Russia Beyond the Headlines is an international outlet for le poutinisme, somewhat less sophisticated than Russia Today—it features stories like

Put Putin on your fridge door

 and

Olympic beauty: Sochi girls to meet world famous athletes


Their haiku project backfired a little bit, leading to a "special blog" on BuzzFeed instead, and poems quite unlike the ones RBTH presumably envisaged:
Krasnaya Polyana, Sochi. Via Wikipedia.
A prominent subtheme in that trend was that of the most famous event in Sochi history, the massacres of Adyghe people (also known as Circassians) at the height of the genocidal campaign of the Russian Empire to expel the indigenous peoples of the coastal Caucasus (Adyghe, Ubykh, Abkhaz, and Abaza), in 1864, or exactly 150 years ago, possibly in the same Red Glade (Krasnaya Polyana) where the Russian generals announced the end of the wars that year, and where the skiing events are scheduled to take place in February's Winter Olympics—as if the Games had been meant to celebrate the sesquicentennial.

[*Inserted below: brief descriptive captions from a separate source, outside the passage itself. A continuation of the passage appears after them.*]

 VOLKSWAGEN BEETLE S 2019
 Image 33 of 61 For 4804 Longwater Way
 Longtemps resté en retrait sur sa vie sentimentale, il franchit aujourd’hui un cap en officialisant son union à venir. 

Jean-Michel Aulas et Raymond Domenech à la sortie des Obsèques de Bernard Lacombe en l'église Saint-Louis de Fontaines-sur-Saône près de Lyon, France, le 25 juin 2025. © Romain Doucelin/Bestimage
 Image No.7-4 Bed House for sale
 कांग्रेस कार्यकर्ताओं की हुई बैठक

That's not as much of a stretch as it may sound: beating up on Caucasians, especially Chechen and Dagestani, is a huge part of the way the Putin government establishes its neo-Tsarist cred. Indeed, there is now a connection, in the video produced by an otherwise unknown Dagestani "Ansar al Sunna" claiming responsibility for the suicide bombings that killed 34 people in Volgograd in December and threatening to disrupt the Games:
“We’ll have a surprise package for you,” one of them says, addressing Russian officials. “And those tourists that will come to you, for them, too, we have a surprise.”
Amazingly, the poutiniste newspaper Russia Today has a story about the new Volgograd video that doesn't mention Sochi at all, not so much burying the lede as dissolving it in lye and dumping it in the Caspian—headlined along with two stories about how Sochi is the safest place in the entire known universe. A person who loves talking about terrorism so much he has often been suspected of inventing it, Putin really doesn't want this connection to be made at all in the case of the Olympics.

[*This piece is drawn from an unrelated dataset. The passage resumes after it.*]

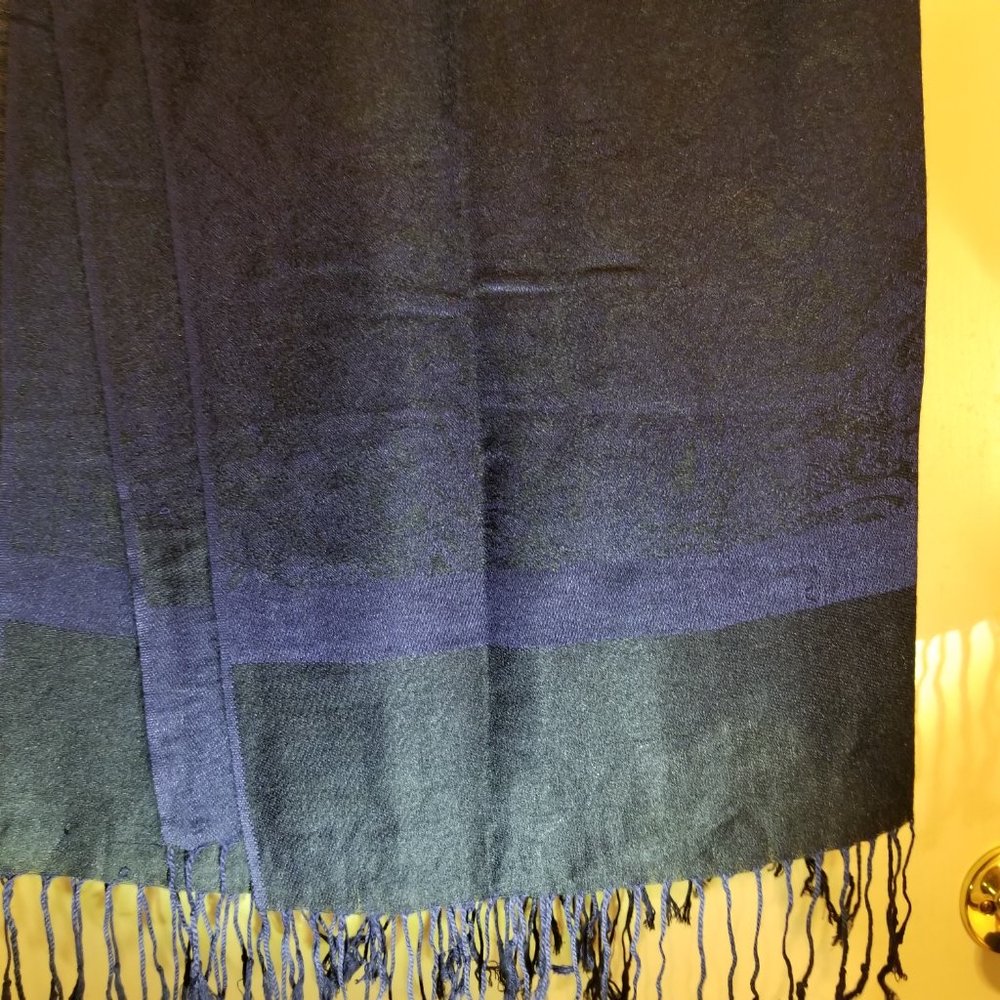 Pashmina Silk Blend Paisley Jacquard Dark Blue/Black | Elegant Shawl - Picture 6 of 16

The movement to remember the Circassian genocide, though, which you can check out at www.nosochi2014.com, is strictly nonviolent, preferring to fight its battles as I prefer myself, with scholarship and art. They are good people to think about today, as we commemorate the 85th birthday (last Wednesday) of Dr. Martin Luther King, Jr. They kindly retweeted my contribution to the #sochihaiku festival, with a helpful annotation.
(Needless to say, I hope and indeed expect that Sochi really will be perfectly safe, and even that Billie Jean, for whom my admiration and respect are undiminished, will have a great time.)